Dewan Hak Asasi Manusia Perserikatan Bangsa-Bangsa (PBB) mengakui untuk pertama kalinya pada Jumat, 8 Oktober 2021, bahwa lingkungan yang bersih, sehat, dan berkelanjutan adalah hak asasi manusia. Keputusan ini muncul beberapa minggu sebelum pelaksanaan KTT perubahan iklim PBB COP26, pada awal November di Glasgow.

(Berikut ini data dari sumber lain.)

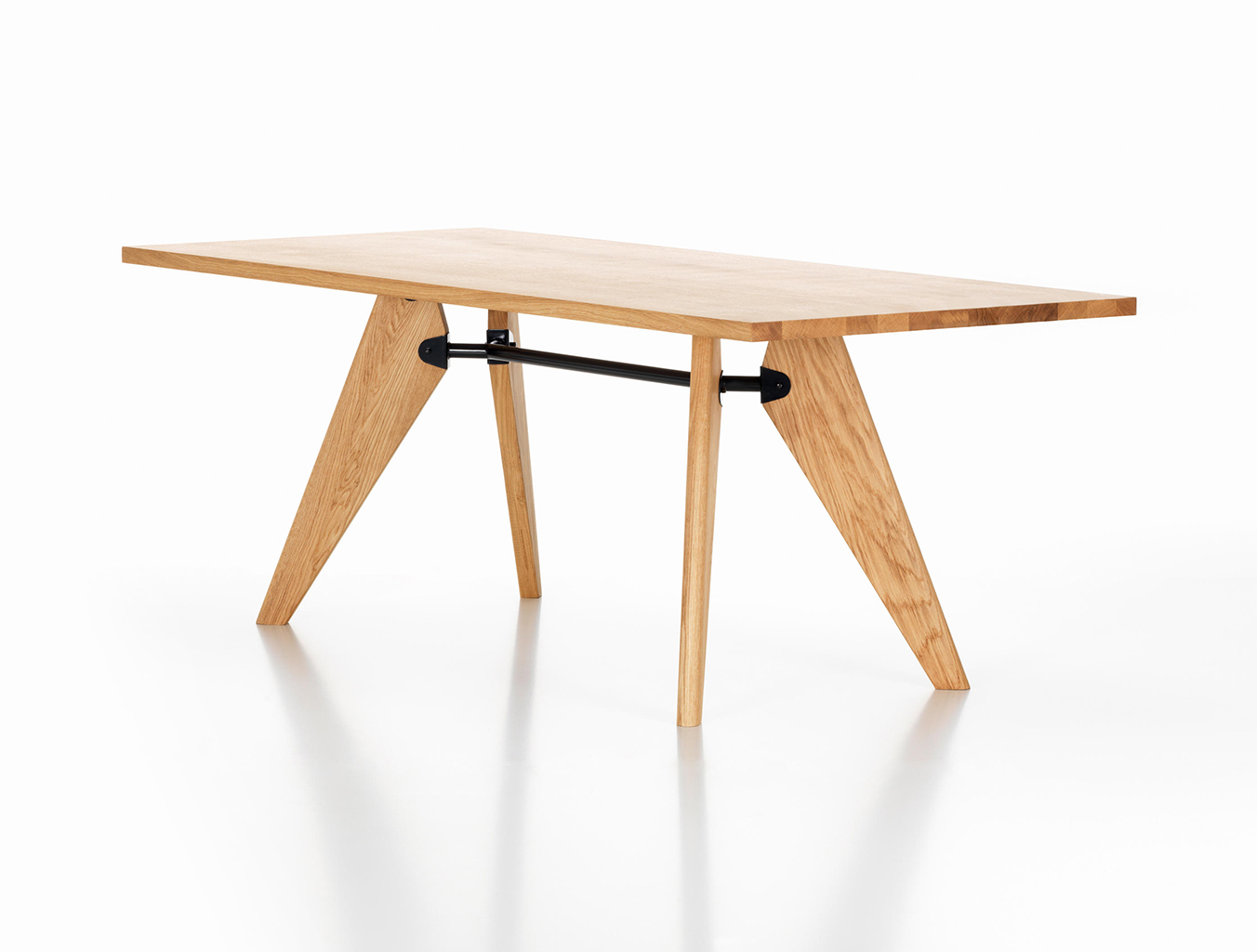 开云（中国） - 桌几|餐桌|办公家具|设计师家具|苏威餐桌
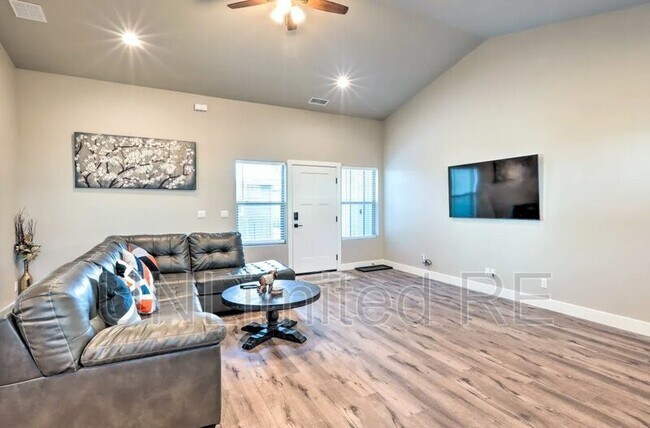 Building Photo - 2269 W Mission Timber Cir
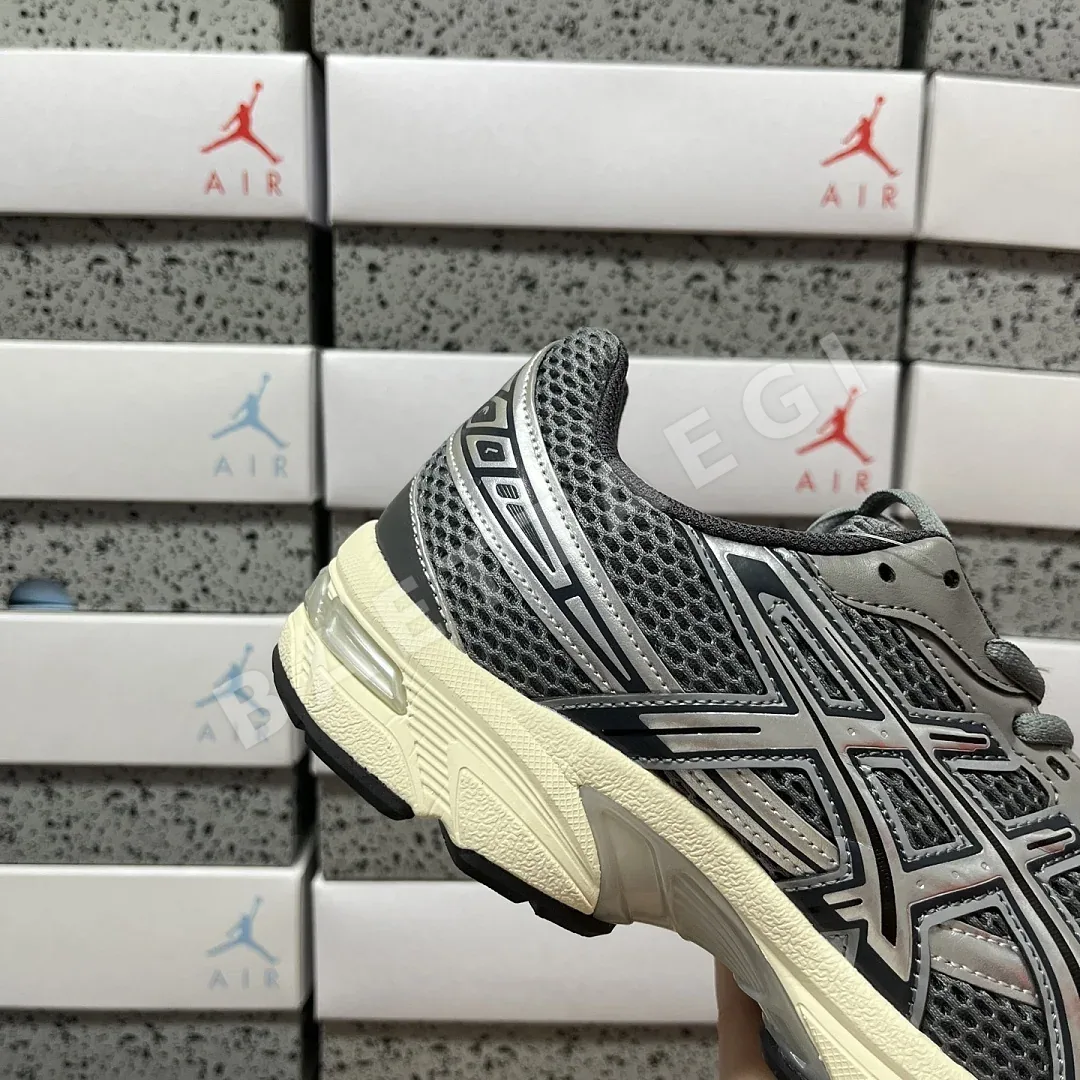 아식스 [VP] 젤 1130 1201A256-026 200549 Asics Gel-1130 Clay Grey Pure Silver 상세 이미지 3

Melalui resolusi nomor 48/13, Dewan HAM PBB meminta seluruh negara di dunia untuk bekerja sama dengan mitra-mitra yang lain, untuk menerapkan hak yang baru diakui ini. Teks, yang diusulkan oleh Kosta Rika, Maladewa, Maroko, Slovenia dan Swiss, ini disahkan dengan 43 suara mendukung dan 4 abstain – dari Rusia, India, Cina, dan Jepang.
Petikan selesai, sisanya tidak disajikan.